WORK REQUIRED
Which lines below fall between the one containing "5 புத்தூர் கிராமத்தில் துரியோதனன் படுகளம்" and the one containing "Preowned Unisex Quiksilver"? Repeat them exactly, counting both of those lines, and add nothing else.

SUPPLIED MATERIAL
= = =
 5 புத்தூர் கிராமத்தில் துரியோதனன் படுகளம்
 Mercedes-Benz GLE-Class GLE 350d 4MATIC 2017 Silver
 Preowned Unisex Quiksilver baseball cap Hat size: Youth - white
= = =
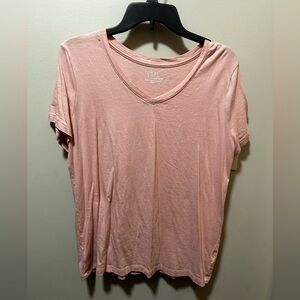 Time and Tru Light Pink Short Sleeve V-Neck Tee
= = =
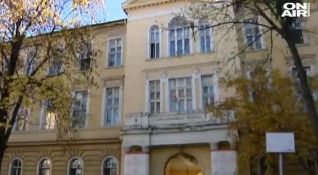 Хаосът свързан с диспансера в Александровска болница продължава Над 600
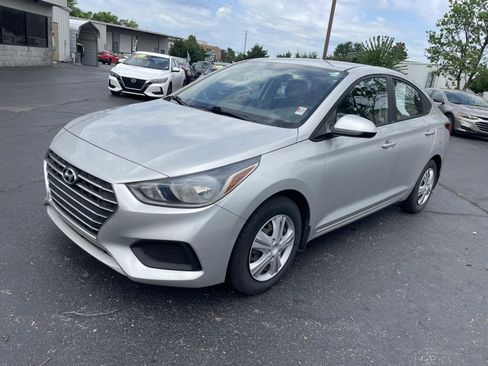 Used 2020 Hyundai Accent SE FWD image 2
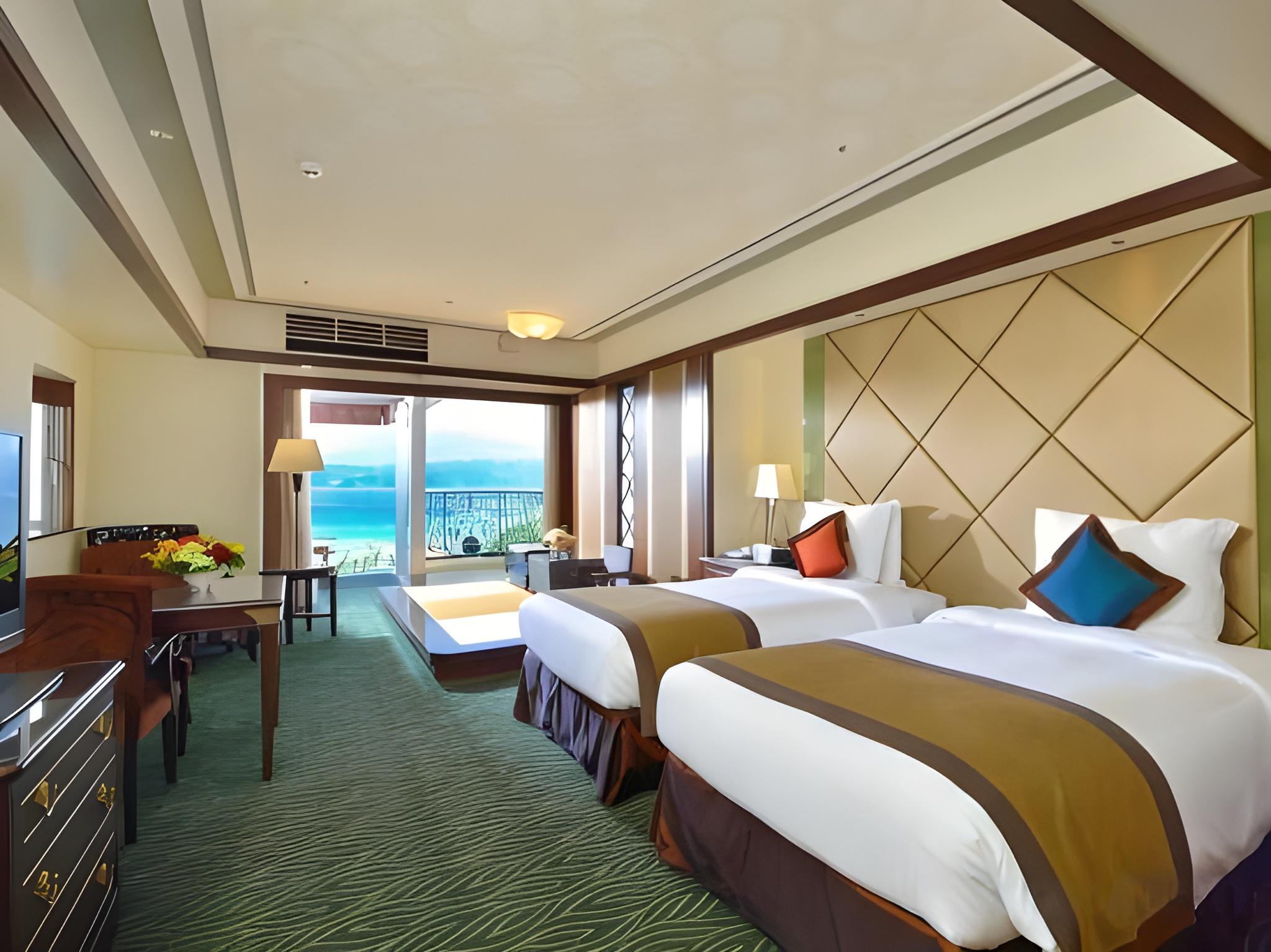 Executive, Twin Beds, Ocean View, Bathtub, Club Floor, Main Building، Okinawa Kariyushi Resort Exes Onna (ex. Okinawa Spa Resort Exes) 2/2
= = =
RESPONSE TO THE TASK
 5 புத்தூர் கிராமத்தில் துரியோதனன் படுகளம்
 Mercedes-Benz GLE-Class GLE 350d 4MATIC 2017 Silver
 Preowned Unisex Quiksilver baseball cap Hat size: Youth - white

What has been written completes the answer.